Hasta donde he podido ver, la observación de uno mismo - que no está separada de la observación de TODO lo que rodea a uno - produce destellos de percepción y comprensiones profundas.
A medida que uno sigue con esa observación, ese "estar atento sin esfuerzo", el cuerpo se sensibiliza, los sentidos se agudizan, la mente se vuelve clara, y las emociones se pacifican.
Finalmente, uno puede notar dos estados dentro de uno: el viejo y el nuevo. Siendo el viejo la forma de actuar casi instintiva, emocional, mecánica, que vemos en todas las personas que no están atentas (el 99.999% de la humanidad)
El nuevo estado es diferente... tiene una pausa, una profundidad, una fluidez, una reflexión que hace que uno no caiga en los automatismos de la memoria o los instintos.
Ese nuevo estado tarda en establecerse... mientras tanto, mientras uno está en la zona gris entre las respuestas automáticas viejas, y las nuevas respuestas creativas, existe la posibilidad de realizar acciones desde una u otra dimensión.
Así pues, lo importante es estar en el nuevo estado... desde allí, cualquier cosa que se haga será correcta. Y viceversa: estando en el estado de respuesta condicionada, automática, CUALQUIER acción será equivocada en el sentido de que acarreará sufrimiento más tarde o más temprano.

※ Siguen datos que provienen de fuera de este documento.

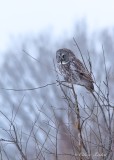Chouette lapone_0521 - Great Gray Owl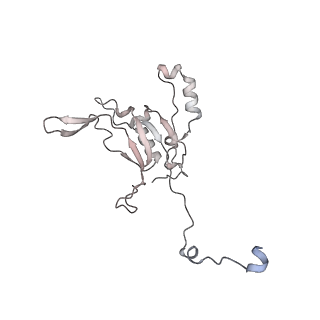 34403_8gzu_s4_v1-0
Cryo-EM structure of Tetrahymena thermophila respiratory Megacomplex MC (IV2+I+III2+II)2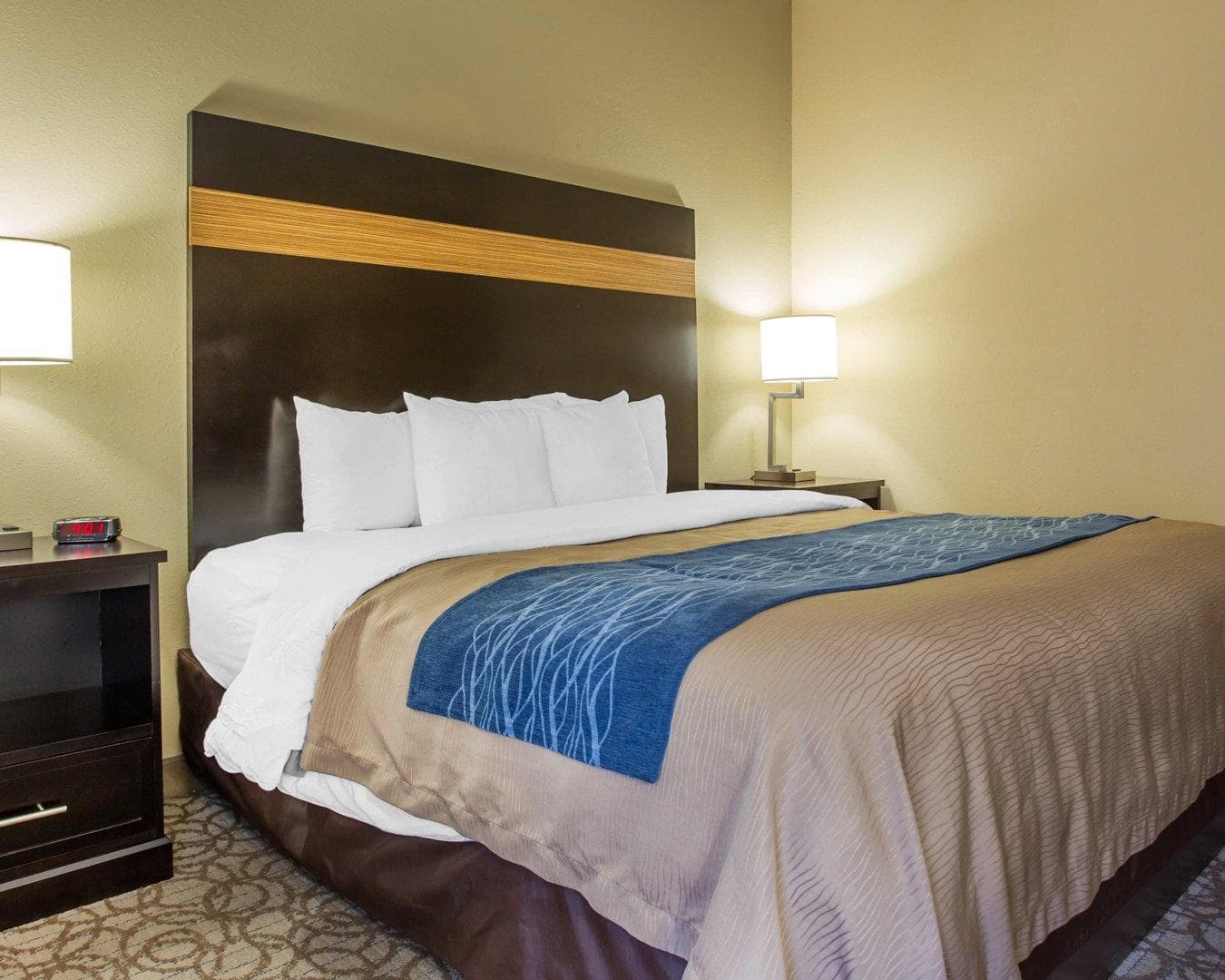 Comfort Inn & Suites at Stone Mountain - Image 3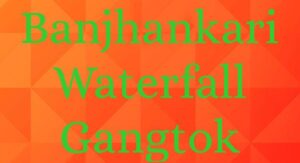 WhatsApp Image 2023-10-15 at 8.02.11 PM
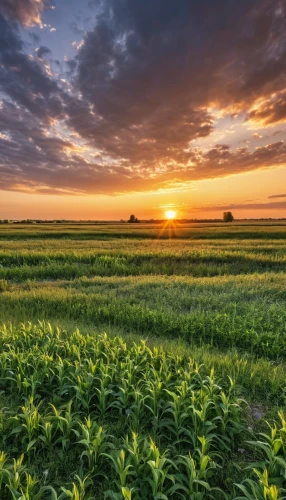 wheat crops,field of cereals,grain field panorama,field of rapeseeds,wheat field,cultivated field,wheat fields,corn field,rice field,dutch landscape,grain field,the rice field,wheat grasses,cropland,barley field,green wheat,cornfield,farm landscape,agriculture,polder,Photography,General,Realistic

Las acciones surgidas del estado meditativo-creativo-libre traen felicidad inevitablemente.
Así que lo importante es ir expandiendo en nuestras vidas esos instantes, esos destellos de la nueva mente. Ese es el trabajo cotidiano. Y si uno cae en errores, mientras tanto, uno debe aprender de ellos, ver cómo el actuar desde los viejos condicionamientos culturales o biológicos sólo nos trae la dualidad placer-sufrimiento, alejándonos de la felicidad que no tiene polo opuesto.